なお、昇格の時に不要となったプレートは回収される。紛失時はID変更。IDコイン、プレート再発行などで手数料が取られる。
「ふーん、これ首からかけるのか」
私はEランクのギルドカードを貰ったので、十円玉みたいな色の、曲がりのついた金属板である。後ろ側に金属が打ち込まれている。なんかのテクでID識別してるんだろう。魔法版のICチップみたいなもんだな。

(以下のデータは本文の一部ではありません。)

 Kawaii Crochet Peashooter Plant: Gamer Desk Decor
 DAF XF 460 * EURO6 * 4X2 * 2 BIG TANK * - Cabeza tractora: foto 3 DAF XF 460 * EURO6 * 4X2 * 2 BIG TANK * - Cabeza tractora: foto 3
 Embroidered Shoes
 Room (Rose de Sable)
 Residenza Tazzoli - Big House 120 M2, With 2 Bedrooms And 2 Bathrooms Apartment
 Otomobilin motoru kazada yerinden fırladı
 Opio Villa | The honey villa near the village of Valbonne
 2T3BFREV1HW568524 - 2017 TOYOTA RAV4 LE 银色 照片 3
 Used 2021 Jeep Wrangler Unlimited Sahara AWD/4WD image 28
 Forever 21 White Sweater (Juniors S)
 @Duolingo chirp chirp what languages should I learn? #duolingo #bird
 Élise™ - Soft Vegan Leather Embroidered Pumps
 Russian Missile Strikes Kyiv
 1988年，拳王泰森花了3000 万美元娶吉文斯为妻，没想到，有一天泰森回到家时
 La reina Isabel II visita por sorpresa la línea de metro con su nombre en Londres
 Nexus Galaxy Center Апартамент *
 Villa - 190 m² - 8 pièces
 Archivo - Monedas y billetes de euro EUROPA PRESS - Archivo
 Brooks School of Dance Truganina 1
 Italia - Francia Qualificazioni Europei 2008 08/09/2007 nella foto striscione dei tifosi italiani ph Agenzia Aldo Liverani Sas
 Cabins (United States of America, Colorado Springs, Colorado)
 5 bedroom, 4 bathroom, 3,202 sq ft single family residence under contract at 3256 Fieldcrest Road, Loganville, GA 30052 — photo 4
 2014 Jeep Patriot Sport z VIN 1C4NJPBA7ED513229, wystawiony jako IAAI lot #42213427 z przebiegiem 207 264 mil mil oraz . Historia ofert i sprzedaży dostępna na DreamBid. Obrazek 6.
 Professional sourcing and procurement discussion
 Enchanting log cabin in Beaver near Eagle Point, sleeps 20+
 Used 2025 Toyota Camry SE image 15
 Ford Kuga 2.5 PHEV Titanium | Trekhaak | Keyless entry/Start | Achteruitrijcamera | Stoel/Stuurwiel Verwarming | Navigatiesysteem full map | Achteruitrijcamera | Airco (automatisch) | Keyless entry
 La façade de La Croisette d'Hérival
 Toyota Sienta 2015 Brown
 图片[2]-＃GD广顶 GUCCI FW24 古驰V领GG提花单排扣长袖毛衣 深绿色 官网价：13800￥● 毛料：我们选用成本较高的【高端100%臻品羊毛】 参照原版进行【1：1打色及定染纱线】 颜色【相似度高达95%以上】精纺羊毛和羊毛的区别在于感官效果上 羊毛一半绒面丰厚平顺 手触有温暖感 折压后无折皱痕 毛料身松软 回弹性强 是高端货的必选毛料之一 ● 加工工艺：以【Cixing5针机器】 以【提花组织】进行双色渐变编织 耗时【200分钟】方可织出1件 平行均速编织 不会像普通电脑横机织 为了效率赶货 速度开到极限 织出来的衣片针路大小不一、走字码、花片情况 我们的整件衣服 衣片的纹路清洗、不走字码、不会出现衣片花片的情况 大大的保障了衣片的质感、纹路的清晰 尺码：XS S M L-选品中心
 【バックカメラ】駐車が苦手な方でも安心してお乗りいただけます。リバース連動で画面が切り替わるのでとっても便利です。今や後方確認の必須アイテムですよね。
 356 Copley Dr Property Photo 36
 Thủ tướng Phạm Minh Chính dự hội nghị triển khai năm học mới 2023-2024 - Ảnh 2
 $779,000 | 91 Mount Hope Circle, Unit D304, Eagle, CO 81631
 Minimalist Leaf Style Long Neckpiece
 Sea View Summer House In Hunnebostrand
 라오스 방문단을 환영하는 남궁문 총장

穴が二カ所空いている。貰った革紐を通して首から提げた。
「うーん、その格好もどうにかしなきゃなぁ」
「むむむ」
私は今ワンピースを着ている。それだけだ。武器や防具などは一切無い。
完全に病に伏せったお母さんをなんとか助けて欲しくて小銭を握りしめて泣きながら依頼に来た幼女である。
「はよファンタジー食材へ案内しろ~」
「ふむ、」
当面の方針として、この地域になれること。街で手に入る食材・料理を確かめつつ、魔物、魔法なんかの知識を入れていく。平衡して冒険者の依頼をコツコツと積んでいき、動きやすいDランク、Cランクあたりを目指すこととなった。
ランク上昇に伴い冒険者の義務的なのが嵩んでくるが、なあなあで躱しつつ、拘束してくるなら商業ギルドなどへ転向するかなという適当な見通しとなった。
「タンタン嬢ちゃん、別にウチで働いてくれてもいいんだぞ。俺の娘は冒険者になって飛び回って滅多に帰ってこないし、なんだ、人が足りてないし。嫁も給仕はもうキツイって文芸?なんか難しい事やってるし、俺はさ、……」
熊顔でしょぼくれた顔するとすげー哀愁漂うな。ぐらっときたぜ。
「んー、じゃあ店主の家に住むわ。厨房とかも手伝わせろー。いつか真のラーメンって奴を食わせてやるよ」
「そう、そうか。コツコツやろうな」
撫でられた。こいつは良いクマさんだなぁ。